How Castle Rock Will Expand the Stephen King Universe

Stephen King's twisted town of horrors has come to life as a TV series on Hulu's Castle Rock.

The name Castle Rock can refer to many things: Towns in the states of Colorado and Washington. The moniker of a production company founded in 1987 by filmmaker Rob Reiner. Even the name of a mountain fort in the classic novel Lord of the Flies. To fans of Stephen King, Castle Rock is the fictional Maine town that has been the setting of a number of the writer’s novels and short stories, including The Dead Zone, Cujo, The Dark Half, Needful Things, “The Body,” “The Sun Dog,” and many others, not to mention countless references in his other tales. It’s a small town, much like other villages in King’s home state of Maine, but it’s a place where awful things seem to happen on a regular basis, not all of them easily explained by the laws of man or nature. 
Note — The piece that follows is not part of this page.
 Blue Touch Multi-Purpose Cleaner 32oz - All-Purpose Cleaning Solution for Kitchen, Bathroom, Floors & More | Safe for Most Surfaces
Castle Rock is now also the setting of a new TV series by the same name, which debuts July 25 on Hulu. Created by Sam Shaw and Dustin Thomason (Manhattan) and produced by J.J. Abrams’ Bad Robot Productions, the show will tell an original story with new characters over its initial 10-episode season, but will also “brush up against” characters and events drawn from King canon. 

Shaw recalls that he and Thomason initially conceived of a Castle Rock-type show that was not set in Castle Rock, since they did not at the time have the rights. “At some point recently, I dug up this old email where I’m essentially laying out the parameters of the pitch for Castle Rock, always assuming that never in our wildest imaginations would we get the actual keys to the city and be able to set this show in the actual world of Stephen King,” he says. “Amazingly, here we are, and it’s sort of a dream as a writer to be able to play in that sandbox.”

The show stars Andre Holland (American Horror Story: Roanoke) as Henry Deaver, a death row attorney who grew up in Castle Rock. Henry left the town years ago, after a mysterious, unexplained incident when he was a child in which he went missing for days while his father turned up dead. In the show’s pilot, Henry returns to the town after receiving a strange, cryptic summons that has something to do with a feral, unidentified inmate (Bill Skarsgård) who is discovered in a cage deep within the bowels of Shawshank Penitentiary.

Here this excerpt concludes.